Copy the data below exactly, but not the pictures it contains.

Stored data
====
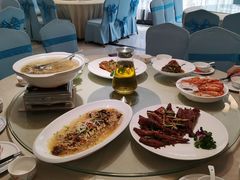 -楚鱼王·河鲜·湖北菜(华农店)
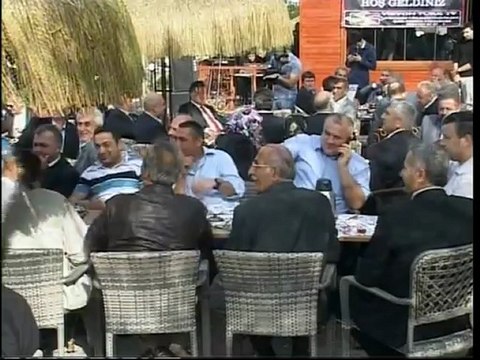 Yöremiz Töremiz Maltepe Kahvaltı 04.11.2012 Canlı Yayını 2.Bölüm
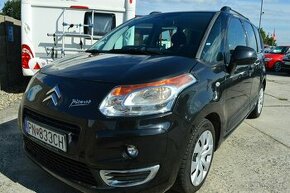 CITROEN C3 PICASSO 1,4VTi 70kW Slovenské M5 2012 - 1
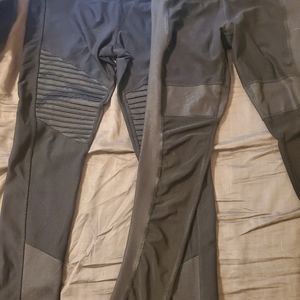 Black Legging Bundle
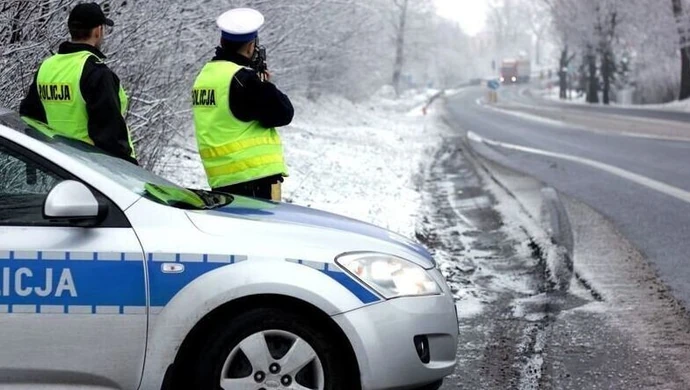 38 punktów za piracki rajd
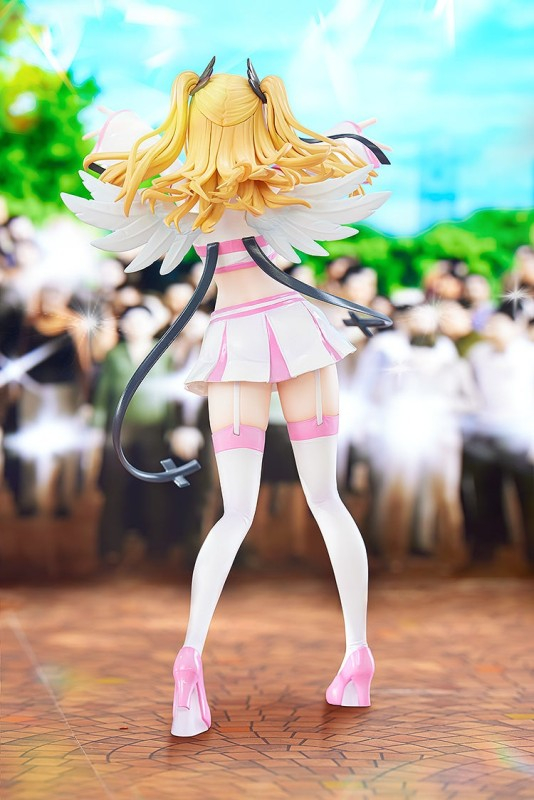2.5-jigen no Yuuwaku - Amano Ririsa - KDcolle - 1/7 - Liliel, Chaos Form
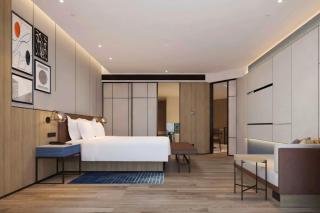 Four Points by Sheraton Changbaishan - 1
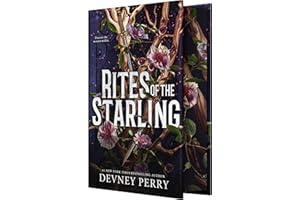 Rites of the Starling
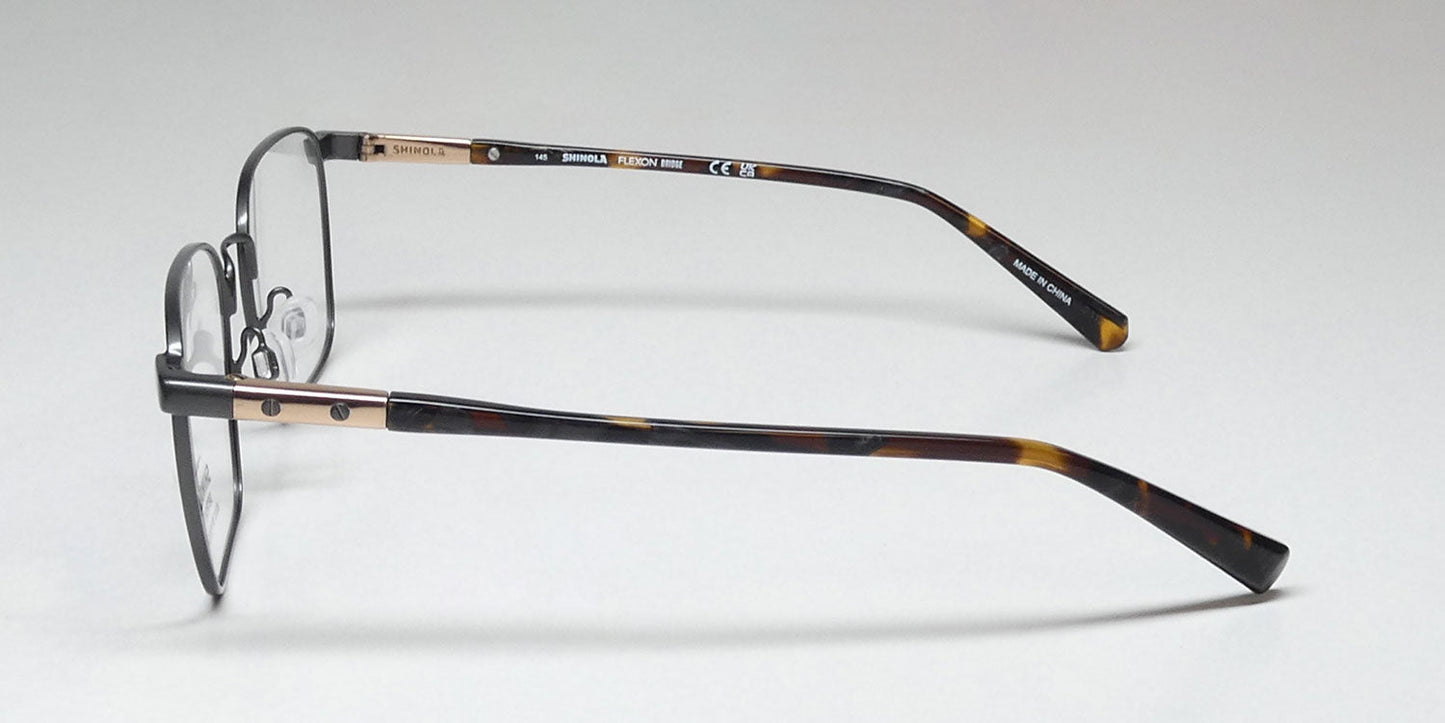 Flexon Shinola 23002 Eyeglasses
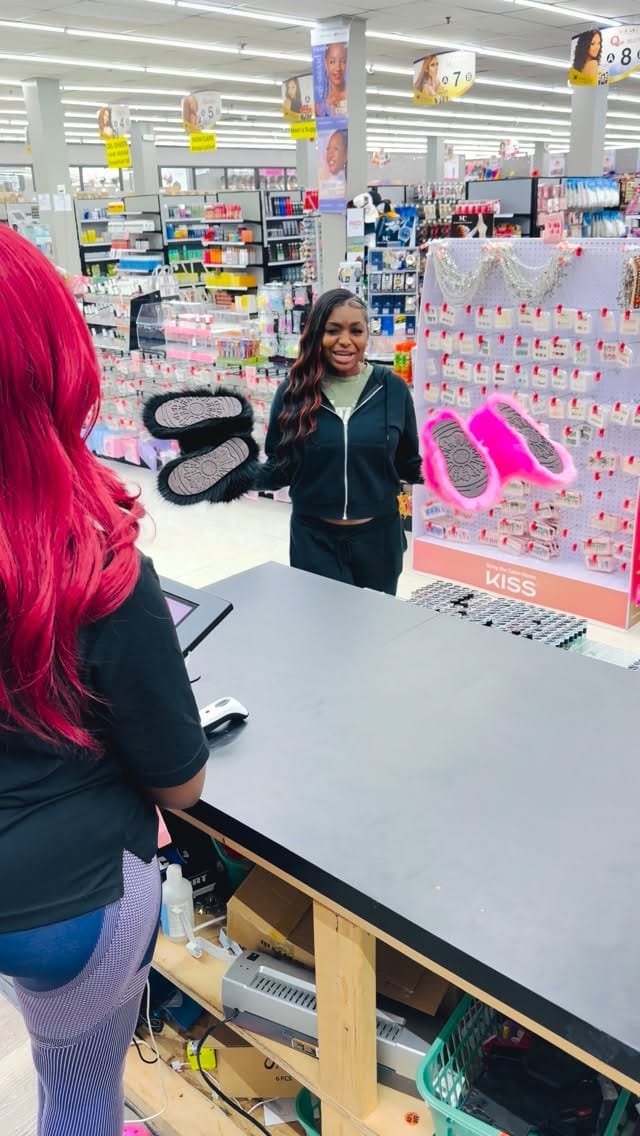 Post 10 by Best Beauty supply on Instagram (video)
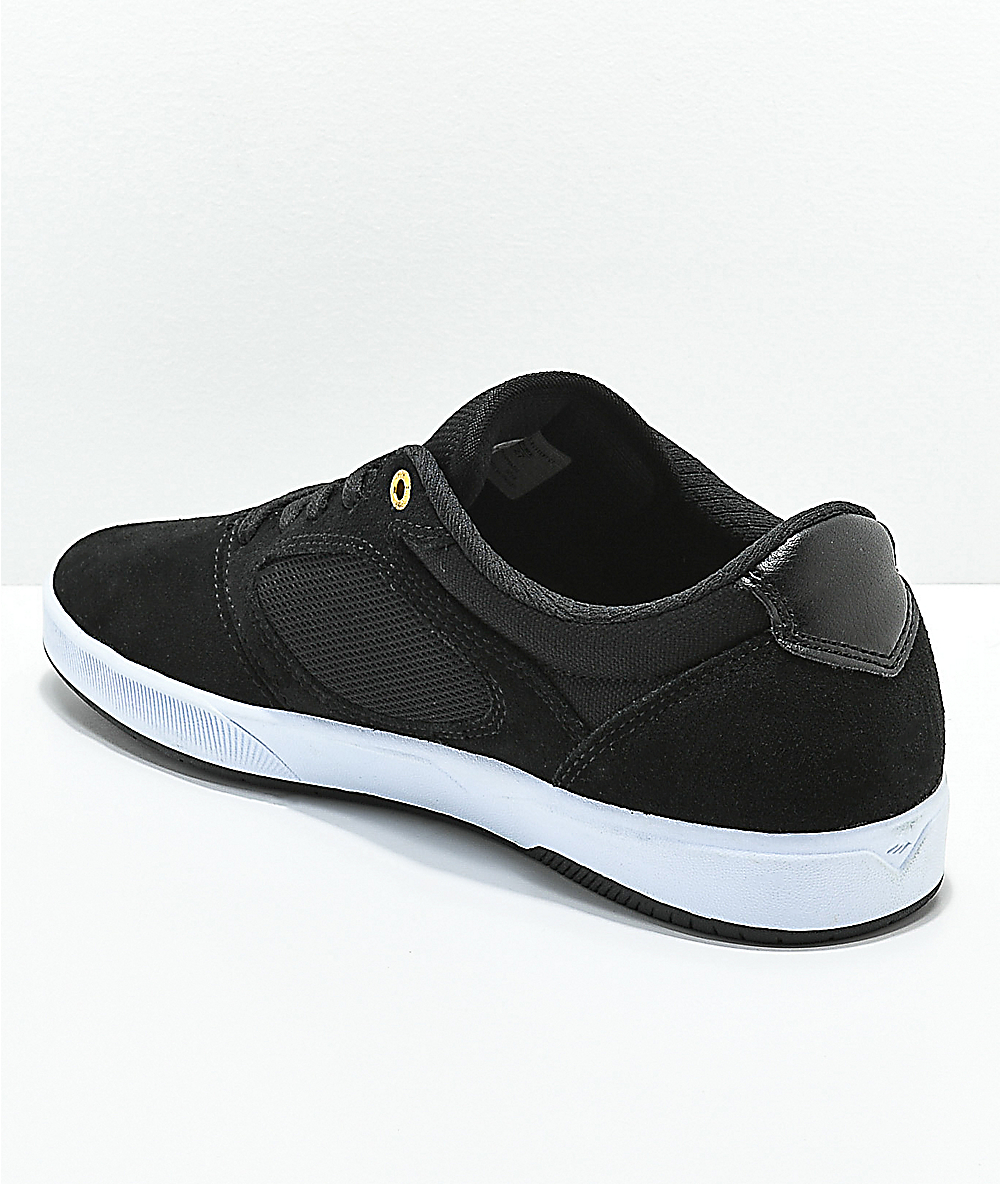 emerica dissent ct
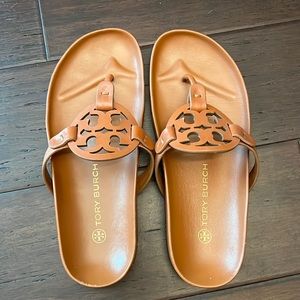 Tory Burch Miller Cloud Sandal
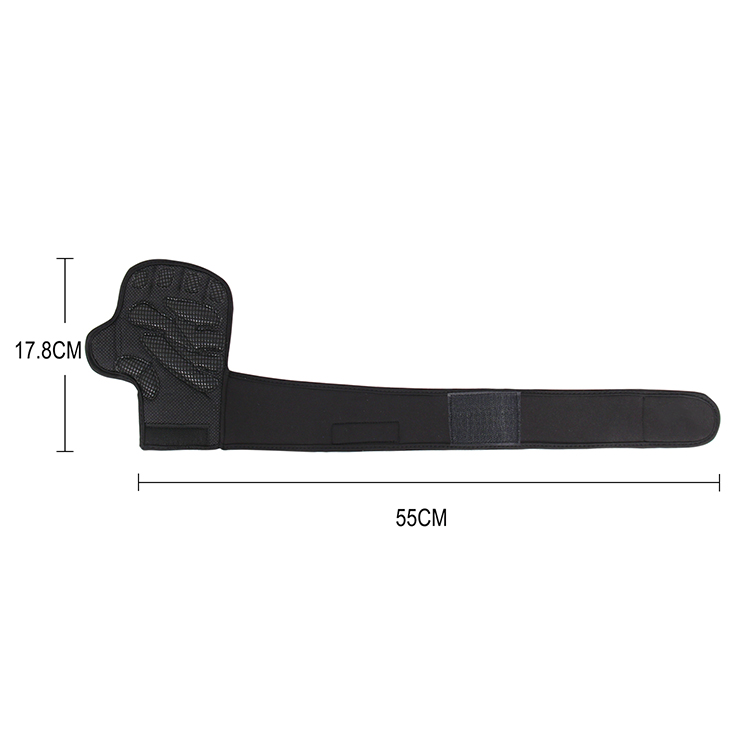 Wrist Band for Gym factory -ProCircle Technology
====
■ YOUR RESPONSE
 -楚鱼王·河鲜·湖北菜(华农店)
 Yöremiz Töremiz Maltepe Kahvaltı 04.11.2012 Canlı Yayını 2.Bölüm
 CITROEN C3 PICASSO 1,4VTi 70kW Slovenské M5 2012 - 1
 Black Legging Bundle
 38 punktów za piracki rajd
2.5-jigen no Yuuwaku - Amano Ririsa - KDcolle - 1/7 - Liliel, Chaos Form
 Four Points by Sheraton Changbaishan - 1
 Rites of the Starling
 Flexon Shinola 23002 Eyeglasses
 Post 10 by Best Beauty supply on Instagram (video)
 emerica dissent ct
 Tory Burch Miller Cloud Sandal
 Wrist Band for Gym factory -ProCircle Technology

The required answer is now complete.